On October 18, U.S. District Court Judge Leigh Martin May refused Georgia’s request to stay her opinion, setting new, easier ballot access procedures for all independent candidates, and all nominees of unqualified parties, for U.S. House, legislature, and partisan county office. Cowen v Raffensperger, n.d., 1:17cv-4660. Here is the six-page order.
The relief ordered by Judge May is not easy; it means collecting signatures of 1% of the number of registered voters in the district, and paying a fee of 3% of the office’s annual salary. But it is certainly better than the statute, which requires 5% petitions.
It is likely that the state will now ask the 11th circuit for a stay, but that won’t be easy to get, because, as Judge May’s order says, the 11th circuit already had this case once and was more favorable toward the plaintiffs than she had been initially.

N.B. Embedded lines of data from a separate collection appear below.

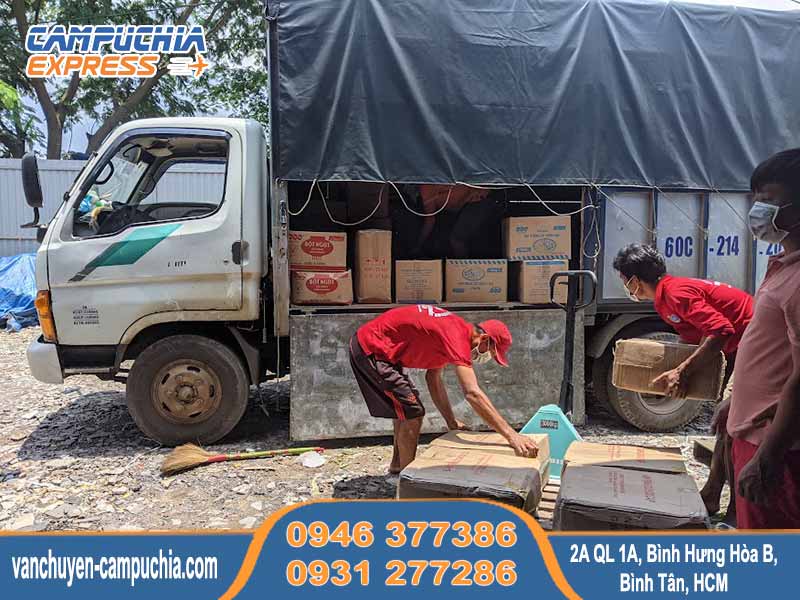 chành xe đi koh kong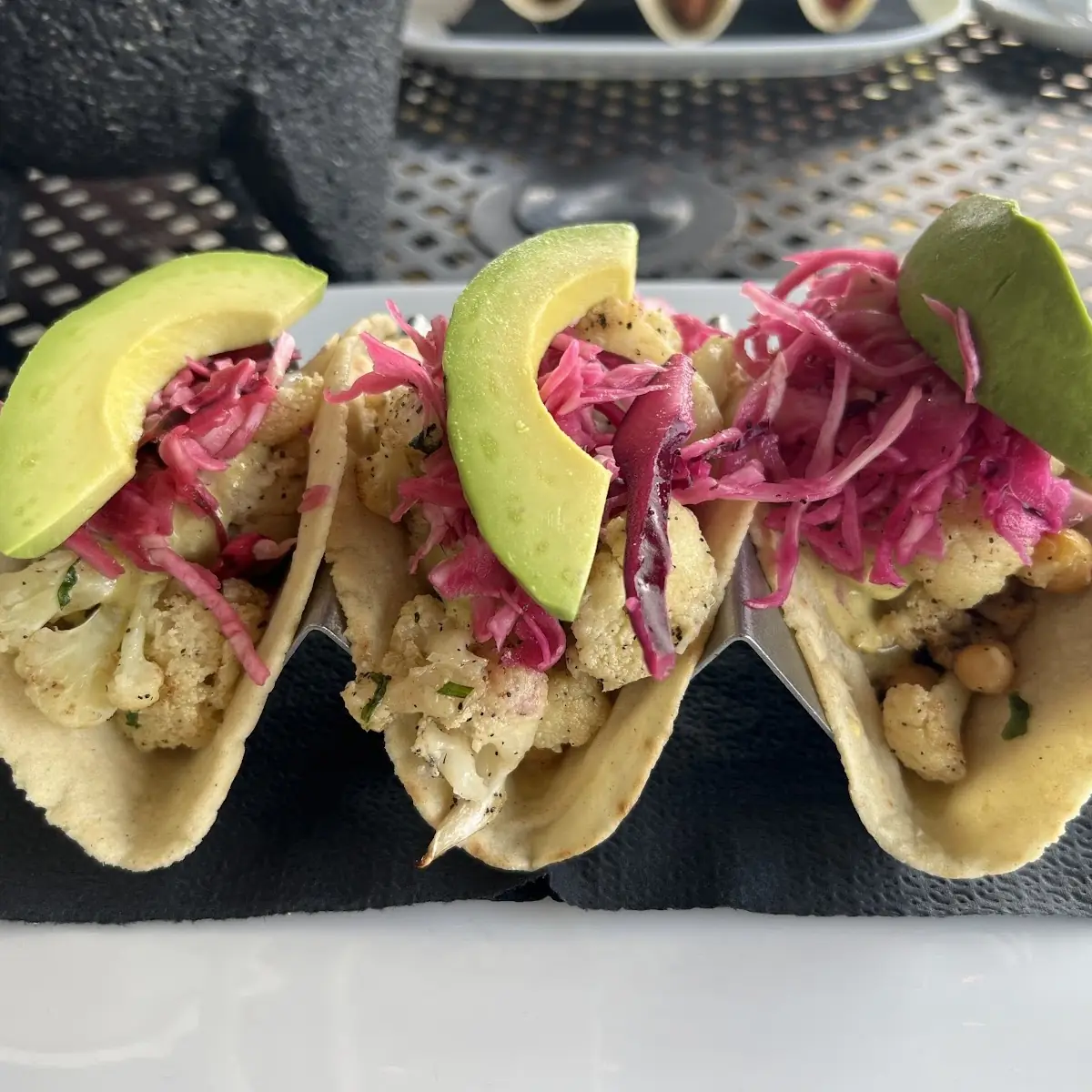 Shrimp Tacos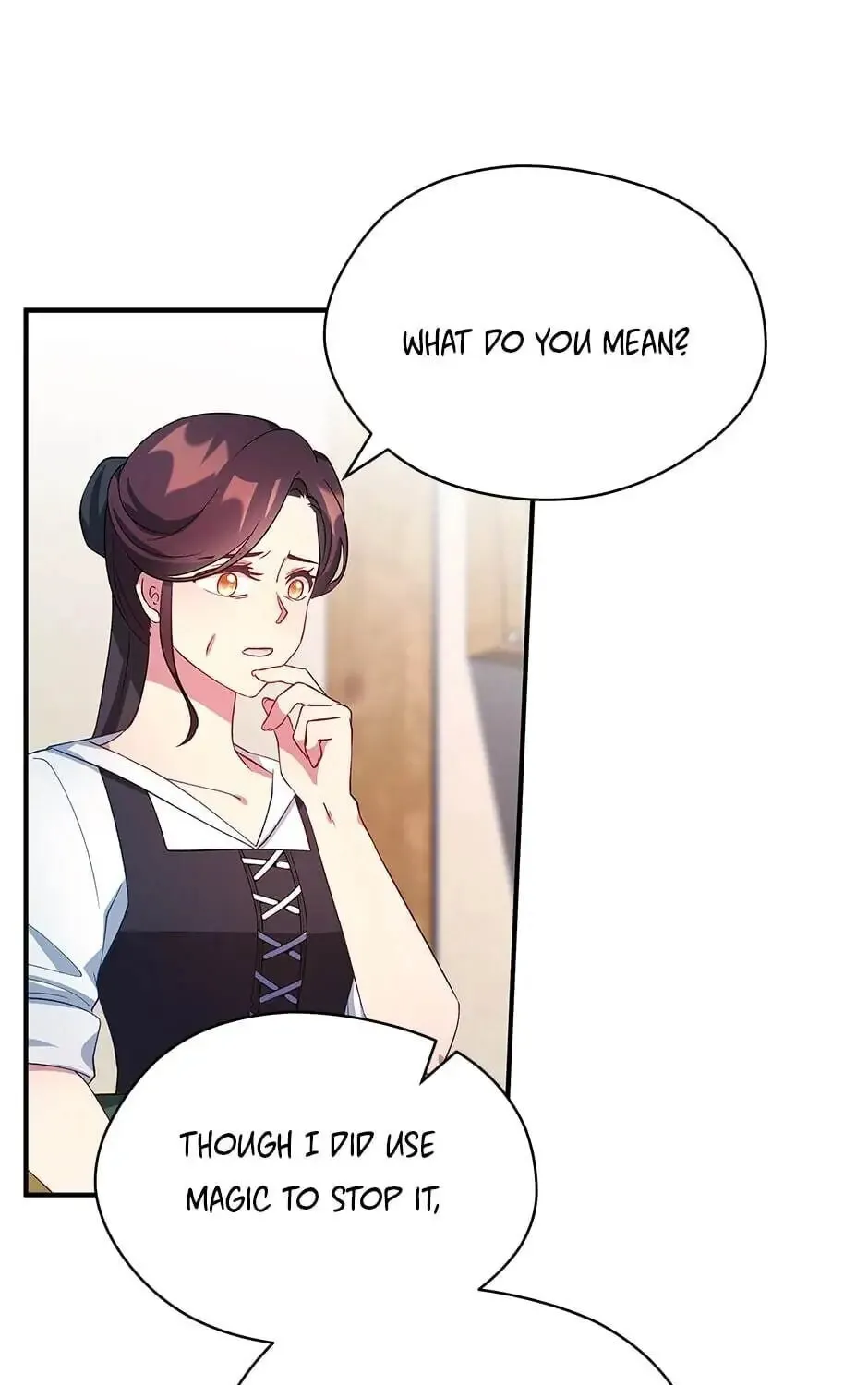 Accidental Warrior Chapter 27 page 43 -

She had first denied any relief, but then the 11th circuit had remanded the case and instructed her to depend more on the evidence and less on the 1971 unfavorable precedent Jenness v Fortson.
1971 JENNESS – ONE MORE JUNK MORON SCOTUS OPIN.
***EQUAL*** IN 14-1 AMDT.
In Minnesota its like 2,000 signatures for an Independent/minor party candidate. We are not confused by the choices.